Supplied records:
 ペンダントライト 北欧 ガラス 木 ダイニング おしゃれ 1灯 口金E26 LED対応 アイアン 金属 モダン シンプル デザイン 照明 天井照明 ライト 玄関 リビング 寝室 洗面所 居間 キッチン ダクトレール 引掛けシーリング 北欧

...

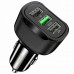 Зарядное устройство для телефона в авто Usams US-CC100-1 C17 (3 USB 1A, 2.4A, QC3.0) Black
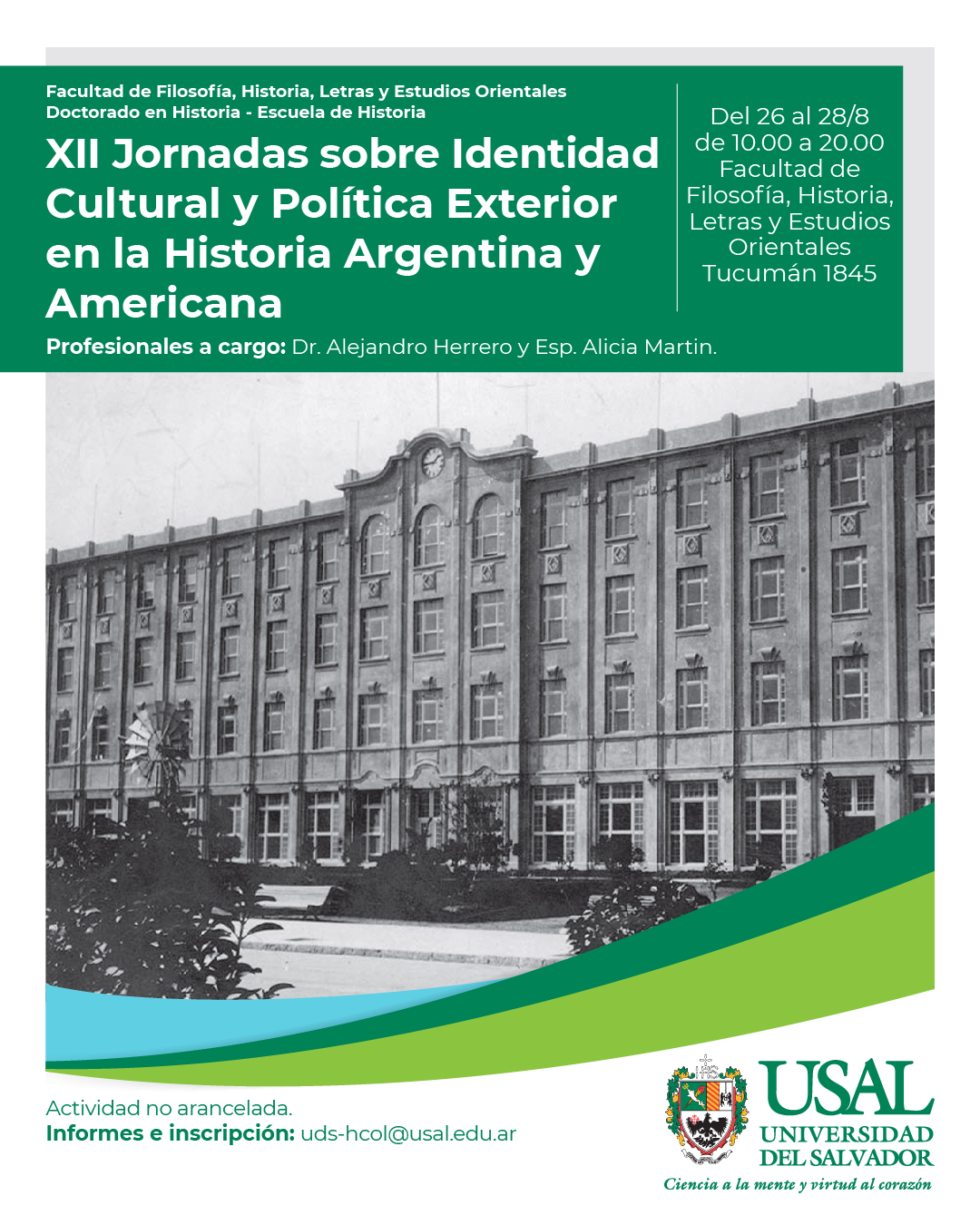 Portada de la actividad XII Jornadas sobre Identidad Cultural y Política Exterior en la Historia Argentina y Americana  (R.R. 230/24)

What is required: Using the listing above, restate exactly the range between the lines holding "Зарядное устройство для" and "Portada de la", inclusive, with pictures left out.

Result:
 Зарядное устройство для телефона в авто Usams US-CC100-1 C17 (3 USB 1A, 2.4A, QC3.0) Black
 Portada de la actividad XII Jornadas sobre Identidad Cultural y Política Exterior en la Historia Argentina y Americana  (R.R. 230/24)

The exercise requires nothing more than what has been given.